38.最悪の連鎖 ***SIDEデーンズ国王
リヒター帝国は邪魔だ。あの国がある限り、王国はすべて格下になる。世界を制したリヒンテンシュタット帝国から別れ、最初に国を興したのがデーンズ王国だ。我らにこそ、大陸制覇の権利がある。
リヒター帝国の領土は、かつての大帝国の二割ほどしかなかった。正面から戦うには、デーンズ王国の位置が悪い。大きく裂けた大地のため、北側へ回り込む必要があった。凍てつく北の大地を抜けるには、短い夏を利用するしかない。その先には山脈もあった。
攻め込んでしまえば、翌年まで戻れぬ。だが、海と北の寒さがあるから、デーンズ王国は潰されずに大きくなれた。小さな領地をいくつも潰し、統合された国だ。一つに纏めた先祖の苦労が偲ばれる。
いまだに大陸の中央に構えるリヒター帝国と、正面から戦う道は諦めた。代わりに搦め手を思いつく。海を挟んで交流のあるアディソン王国、彼の国を利用しよう。リヒター帝国と我が国の間に位置し、ちょうど代替わりしたばかり。

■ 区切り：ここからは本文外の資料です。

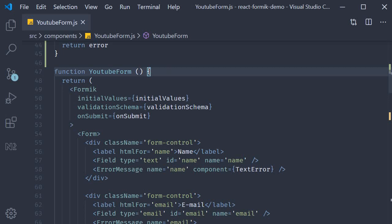Welcome back everyone. In this video we are going to learn how to manually trigger both form and field level validations with Formik.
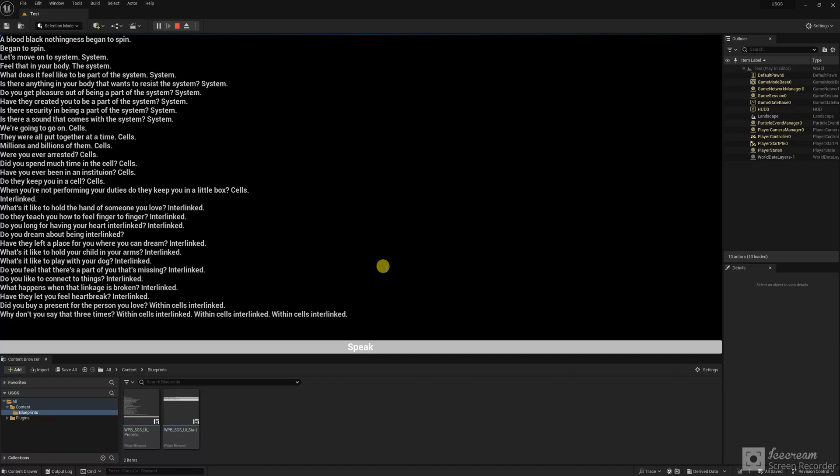Do you like to connect to things? Interlinked. What happens when that linkage is broken? Interlinked. Have they let you feel heartbreak? Interlinked. Did you buy a present for the person you love?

自尊心は高いが経験と能力に欠けるアディソン王を煽てて、その気にさせた。リヒター帝国の領地が手に入ると……囁きに舞い上がった愚王は、帝国の姫を奪う。婚姻という形をとり、人質にするためだ。
可愛がられ、才気に溢れた皇妹が嫁げば、アディソン王国と戦えまい。その間に戦力を移動させ、アディソン王国を踏み台にして攻め込む予定だった。
なのに、あの阿呆が! 何をとち狂ったのか。婚姻届を出さなかった。手違いではなく、故意に! まだ兵を動かし始めたばかりで、帝国と戦う準備はできていない。にも関わらず、帝国の姫に逃げられる始末。泣きついてきたアディソン王の書状を、腹立ち紛れに破り捨てた。
「っ! あの愚物がっ、この程度の足止めもできぬのか」
我が国の将軍であったなら、首を刎ねているところだ。そこへ、情報が舞い込む。神殿に入った貴族家の子弟らによれば、姫は元帥に守られ帰国した。その娘は皇帝の養女になった、と。
ブリュート王国陥落の知らせが遅れて届き、頭を掻き毟る。なぜ、このような事態になった! どうして言われた通りにできないのか。我の作戦通りに動けば、まだ姫を留めておけた。人質として盾にして、帝国の抵抗を削ぐこともできたというのに!!
大丈夫だ、まだアディソン王国が使える。あの国にすべての責任を押し付け、撤退しよう。一度引いて、改めて攻め込む算段をすればいい。山脈と氷の大地が我が国を守る。さらにアルホフ王国が、その間を塞いでいた。海はこれから荒れる季節に入り、船も使えない。
半年は安泰か。帝国を潰す計画は、また練り直すとしよう。
「ご報告申し上げます」
駆け込んだ伝令は、耳を疑う情報を持ち込んだ。神殿が動く? 調査という名目で、各国の神官が選別されるだと!? くそっ、貴重な情報源が絶たれるではないか!
アディソン王国が指示通りに動いておれば、ブリュート王国が持ちこたえていたら。こんな事態にはならなかった。腹立たしさに、テーブルに用意されたグラスを床に叩きつけた。鋭く割れた破片が、我を責めているように思えて、怒りに任せて踏みつけた。